Segment Start: Provided material

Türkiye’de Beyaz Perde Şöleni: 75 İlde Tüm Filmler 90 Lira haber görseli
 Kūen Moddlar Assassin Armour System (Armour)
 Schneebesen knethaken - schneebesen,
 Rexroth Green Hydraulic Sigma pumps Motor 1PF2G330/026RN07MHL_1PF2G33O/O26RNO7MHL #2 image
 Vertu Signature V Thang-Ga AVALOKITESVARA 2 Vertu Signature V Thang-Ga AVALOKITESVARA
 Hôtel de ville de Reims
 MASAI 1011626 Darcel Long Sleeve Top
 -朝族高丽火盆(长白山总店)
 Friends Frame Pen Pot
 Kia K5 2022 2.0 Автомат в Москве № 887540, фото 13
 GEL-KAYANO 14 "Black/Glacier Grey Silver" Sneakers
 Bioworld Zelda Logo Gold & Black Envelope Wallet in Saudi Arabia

Segment End: Provided material

Task description
Print exactly and only the lines that start at the line with "Vertu Signature V Thang-Ga AVALOKITESVARA 2" and run through the end of the listing above.

Finished task
 Vertu Signature V Thang-Ga AVALOKITESVARA 2 Vertu Signature V Thang-Ga AVALOKITESVARA
 Hôtel de ville de Reims
 MASAI 1011626 Darcel Long Sleeve Top
 -朝族高丽火盆(长白山总店)
 Friends Frame Pen Pot
 Kia K5 2022 2.0 Автомат в Москве № 887540, фото 13
 GEL-KAYANO 14 "Black/Glacier Grey Silver" Sneakers
 Bioworld Zelda Logo Gold & Black Envelope Wallet in Saudi Arabia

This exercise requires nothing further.